Freeh prevailed, and Potts got only a letter of censure.
But he and the four others were suspended in mid-August after the cover-up allegations surfaced, prompting the new criminal investigation and congressional hearings.
Potts and Coulson directly contradicted Richard Rogers, head of the FBI Hostage Rescue Team, and Eugene Glenn, on-scene commander at Ruby Ridge, who said the shooting rules had been approved at headquarters.
“I know that the rules changed after they got out there,” Potts said of Glenn and Rogers.
Coulson said he saw the initial Ruby Ridge operations plan but immediately rejected it because it included no attempt to negotiate a surrender. Instead, it called for an assault on Weaver’s plywood home.
“An armored vehicle would destroy portions of the Weaver compound and insert tear gas into the cabin if the Weavers did not surrender,” Coulson said of the plan he rejected.
The operation plan’s second page contained the controversial “rules of engagement,” but Coulson said he either didn’t read that far or didn’t receive the page at headquarters.
Sen. Herb Kohl, D-Wis., wanted to know why the “the world’s finest law enforcement agency” couldn’t figure out which of its commanders had approved the Ruby Ridge shooting orders.
“It is an embarrassment that we all feel,” Coulson replied.
Then he continued, “Senator, I think it’s also an embarrassment that we have to come here and testify.”
Even though the shooting rules violated FBI policy, Potts and Coulson said the FBI sniper was justified in firing a shot that wounded Randy Weaver and the second shot that wounded Kevin Harris and killed Vicki Weaver.
That brought an angry response from committee chairman Sen. Arlen Specter.

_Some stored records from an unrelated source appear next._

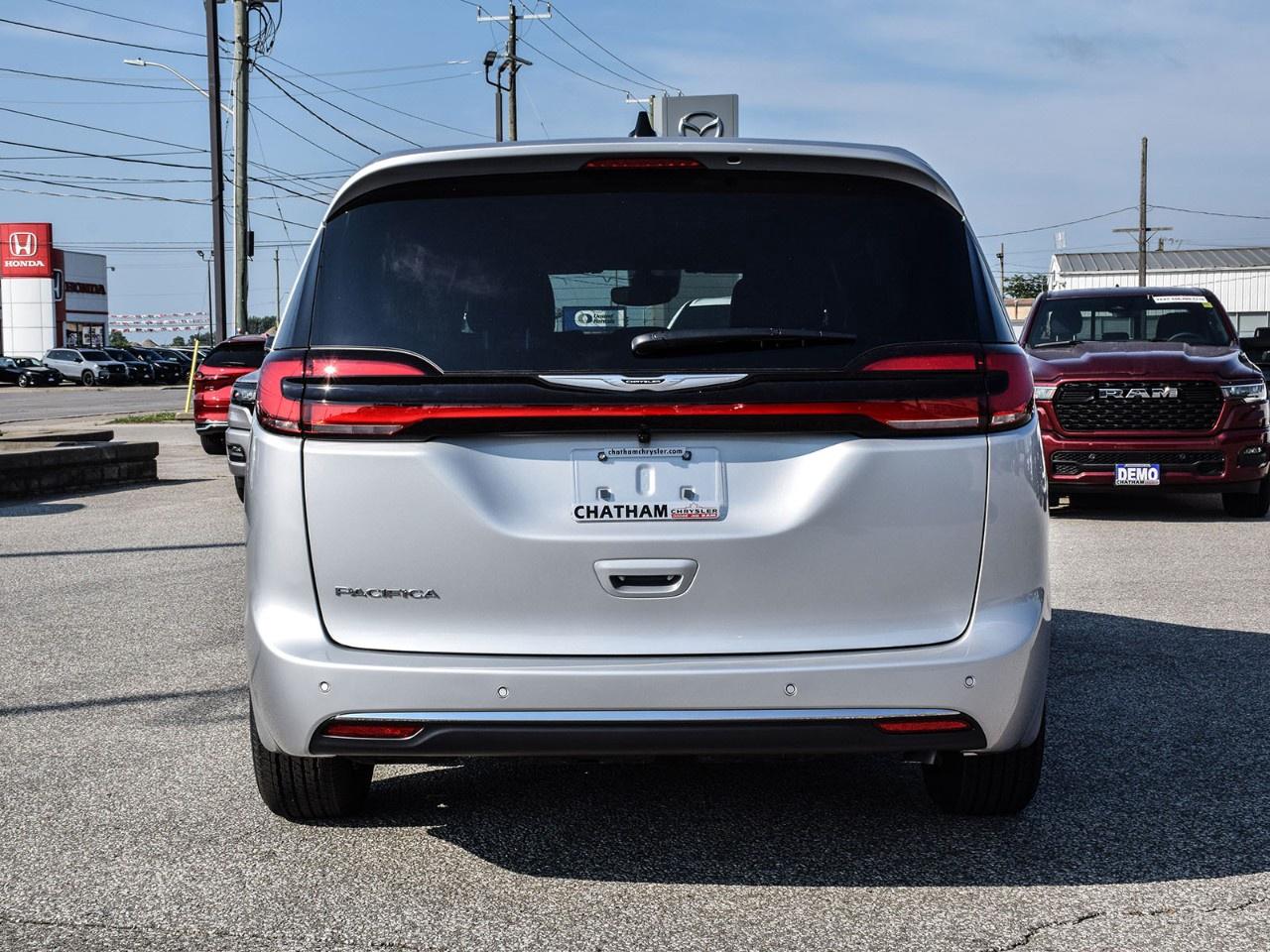 2026 Chrysler Pacifica Select FWD Photo2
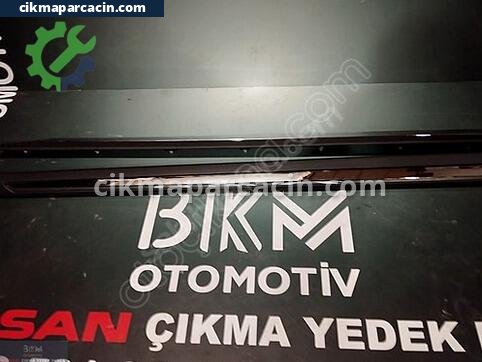 Nissan X-Trail Kapı Çıtası çıkma parça
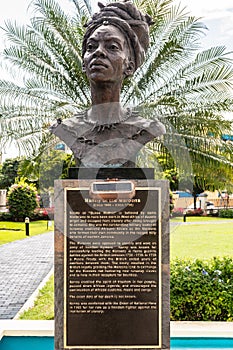 Sculpture/Statue female Jamaican National Hero, Nanny of the Maroons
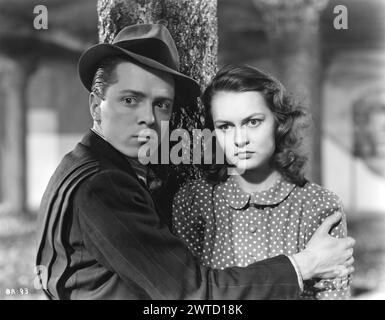 RICHARD ATTENBOROUGH and CAROL MARSH in a scene from BRIGHTON ROCK 1947 Director JOHN BOULTING Novel GRAHAM GREENE  Cinematography HARRY WAXMAN Music HANS MAY Producer ROY BOULTING Charter Film Productions / Pathe / ABPC Stock Photo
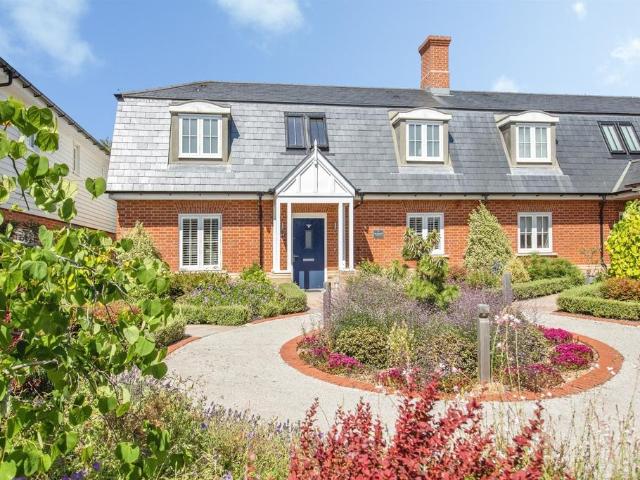 House for sale in Fordham Heath, Essex
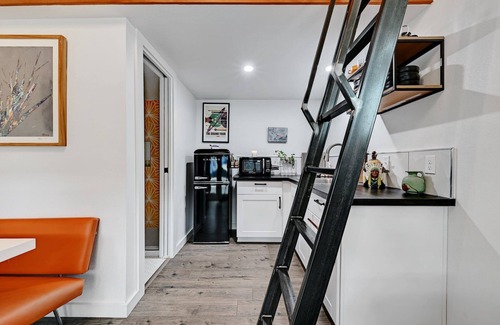 MLK Apartment | Space Cowboy: Modern Tiny House in East Austin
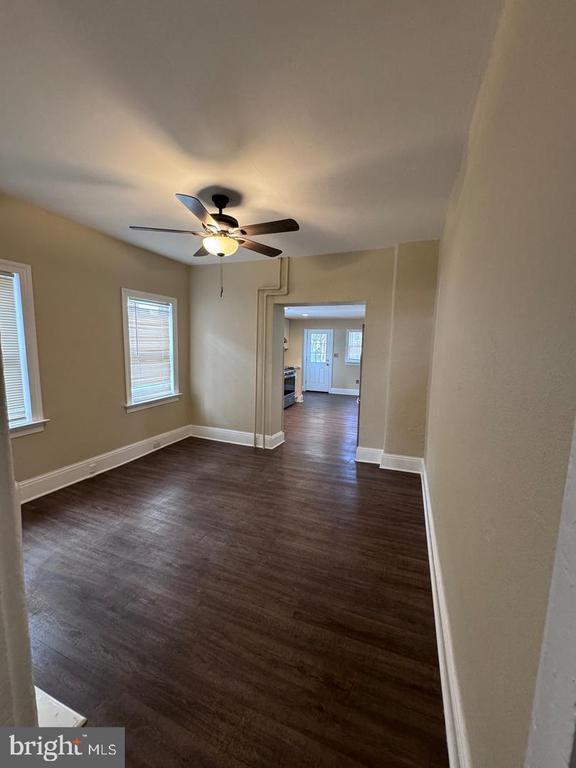 Foto del edificio - 222 W Union St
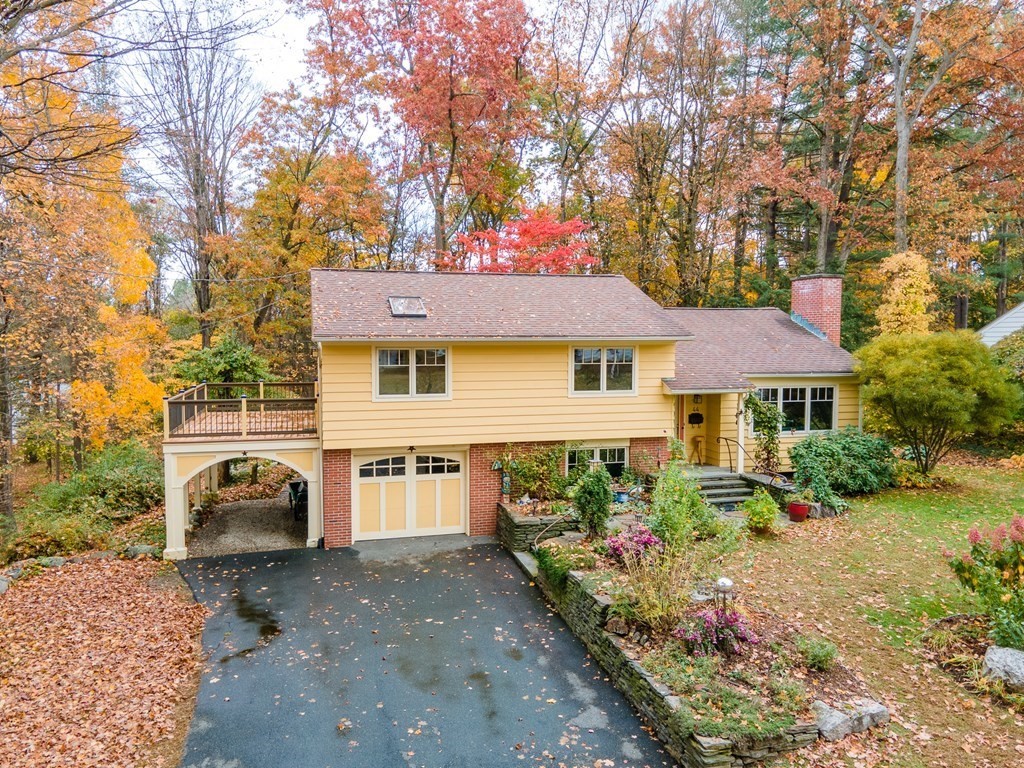 44 Fox Farms Road Northampton, MA 01062 - Photo 1 of 42 Gallery Image 1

The Pennsylvania Republican said the second shot - fired while Weaver and Harris were running to the cabin - doesn’t square with a U.S. Supreme Court ruling that says deadly force can be used only when there is an immediate threat of grievous bodily harm.
“If this controversy continues, then those people (in the FBI) have to be replaced,” Specter told Coulson and Potts.

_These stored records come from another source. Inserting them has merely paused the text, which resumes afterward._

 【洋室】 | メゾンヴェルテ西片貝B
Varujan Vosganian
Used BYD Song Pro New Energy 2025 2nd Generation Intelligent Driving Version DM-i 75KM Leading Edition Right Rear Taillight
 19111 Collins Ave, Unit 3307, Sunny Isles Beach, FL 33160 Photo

Both FBI officials said they viewed the siege as the most-dangerous situation ever encountered by the FBI.
“We had a situation where armed individuals had routed six well-trained marshals and killed one of them,” Coulson said. “I don’t know of a much more serious threat.”

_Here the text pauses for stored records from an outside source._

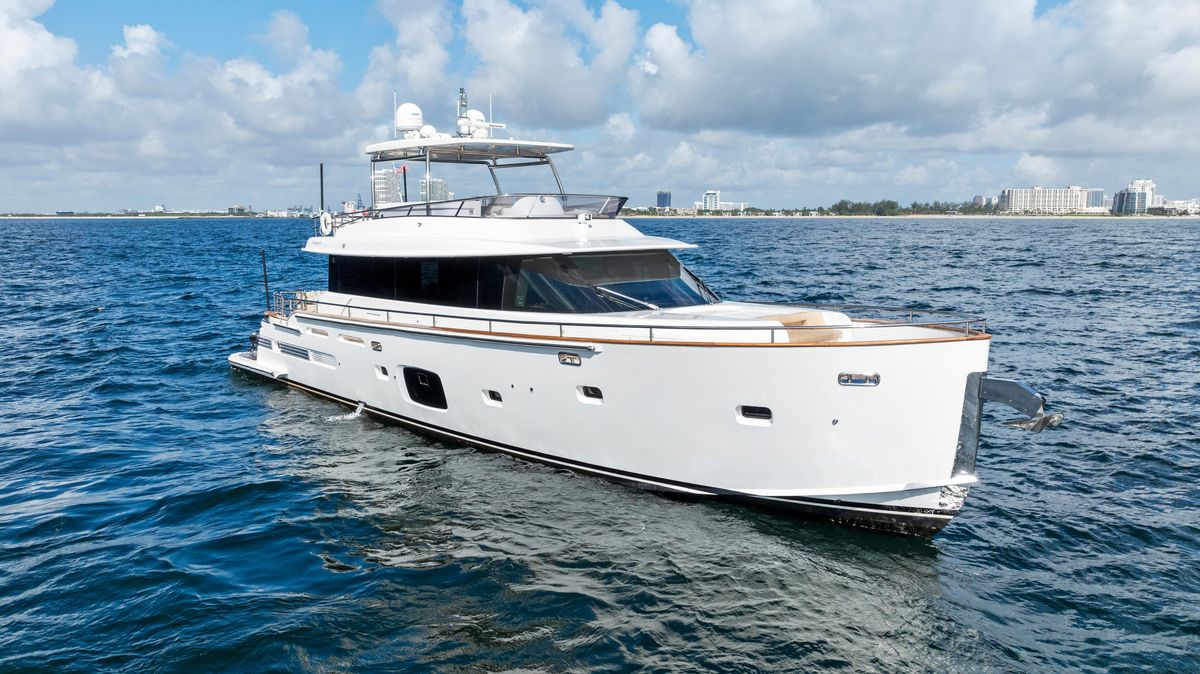 2016 Azimut 76 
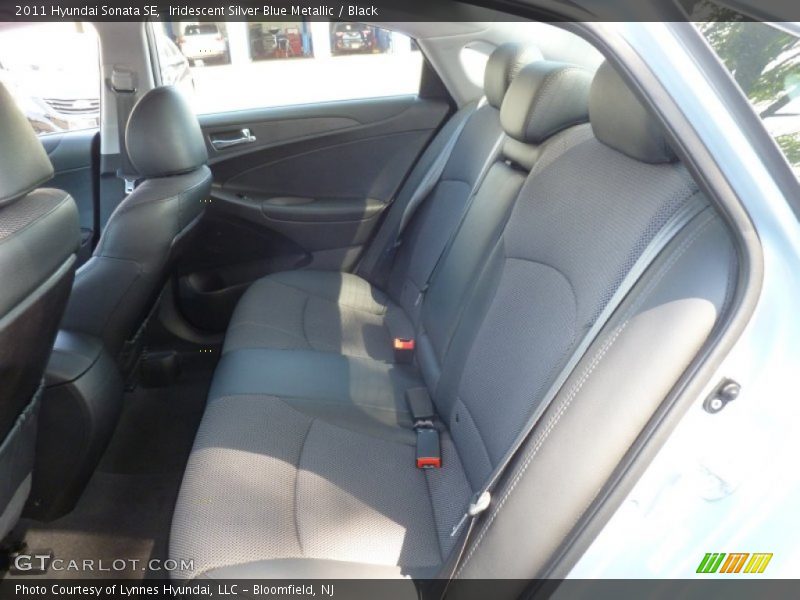 Iridescent Silver Blue Metallic / Black 2011 Hyundai Sonata SE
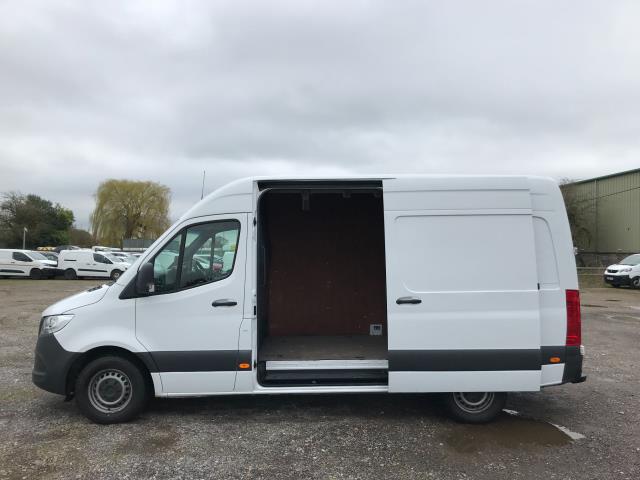 2019 Mercedes-Benz Sprinter 3.5T L2 H2 Van EURO 6 (KL19XHD) Image 9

Sen. Dianne Feinstein, D-Calif., wanted to know why - if the Weaver siege was such a threat - Potts and Coulson remained behind at FBI headquarters.
“Well, I would have loved to have gone to the scene,” Potts replied, but he and Coulson said FBI procedures required they stay at headquarters.
By remaining behind, Feinstein said, it’s easier for Potts and Coulson to blame commanders at Ruby Ridge for the mistakes, including the shooting rules.
The Senate panel appeared frustrated at times by the testimony from the high-ranking FBI officials.
“So far, all the people that we’ve heard from the FBI, … nobody did anything wrong,” Kohl said.
With no one accepting responsibility, Kohl said he is “led to believe by the FBI that (the Ruby Ridge siege) was almost a model of conduct.”